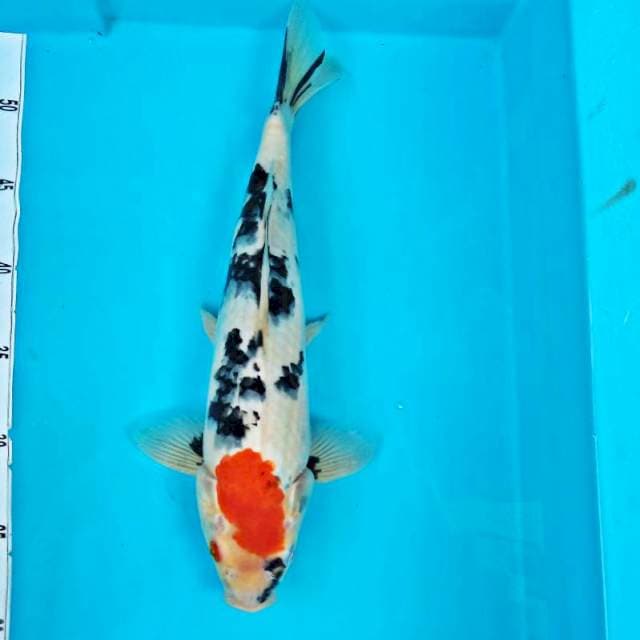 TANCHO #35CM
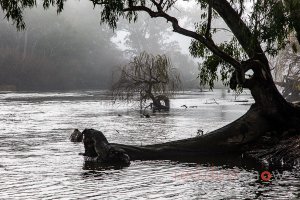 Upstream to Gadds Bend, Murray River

...

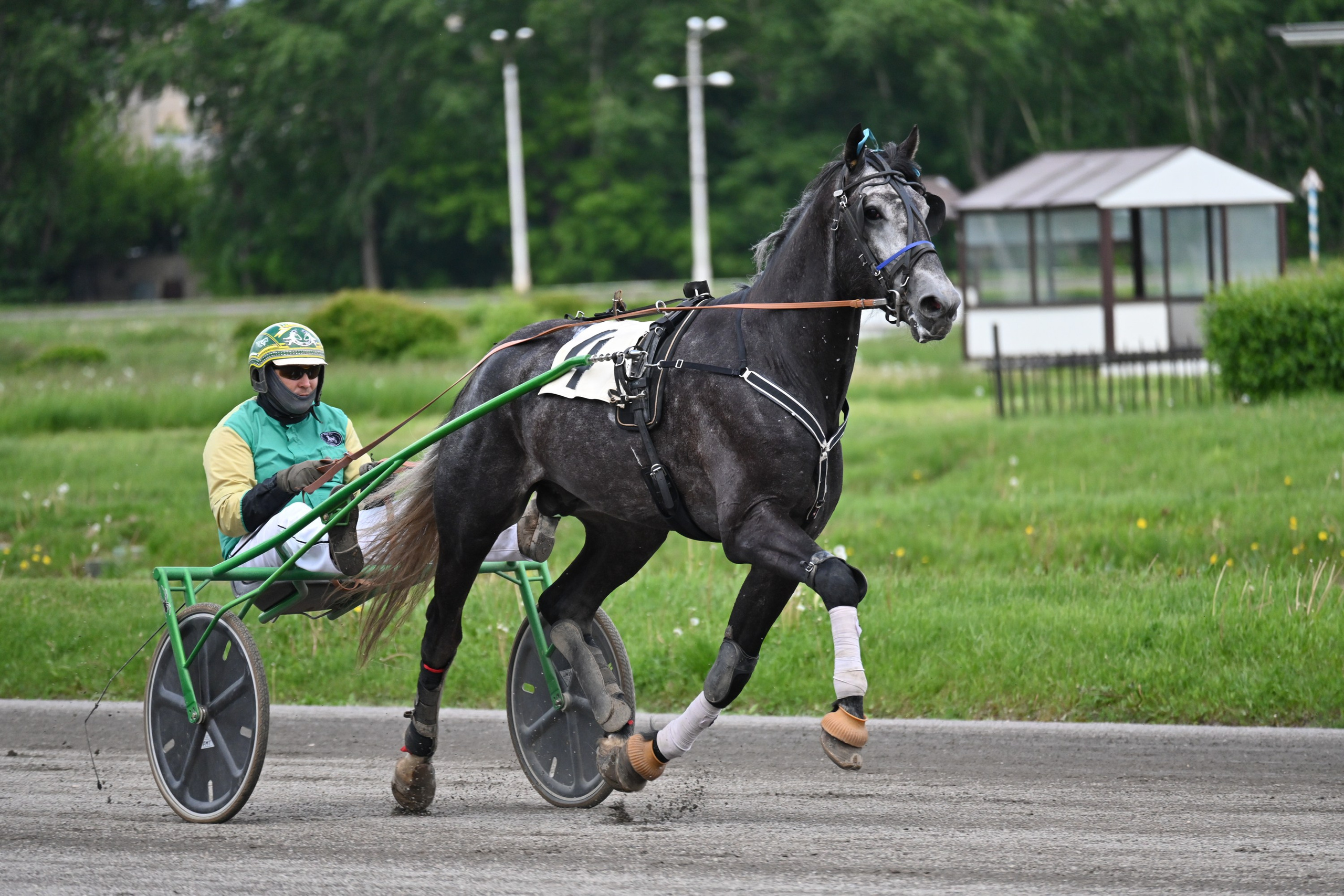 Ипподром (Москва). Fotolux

◆ Exercise requirements
In the records above, copy exactly everything from the line that has "TANCHO #35CM" down to the line that has "Upstream to Gadds Bend, Murray River", both ends included, and leave out the pictures.

◆ Response area
 TANCHO #35CM
 Upstream to Gadds Bend, Murray River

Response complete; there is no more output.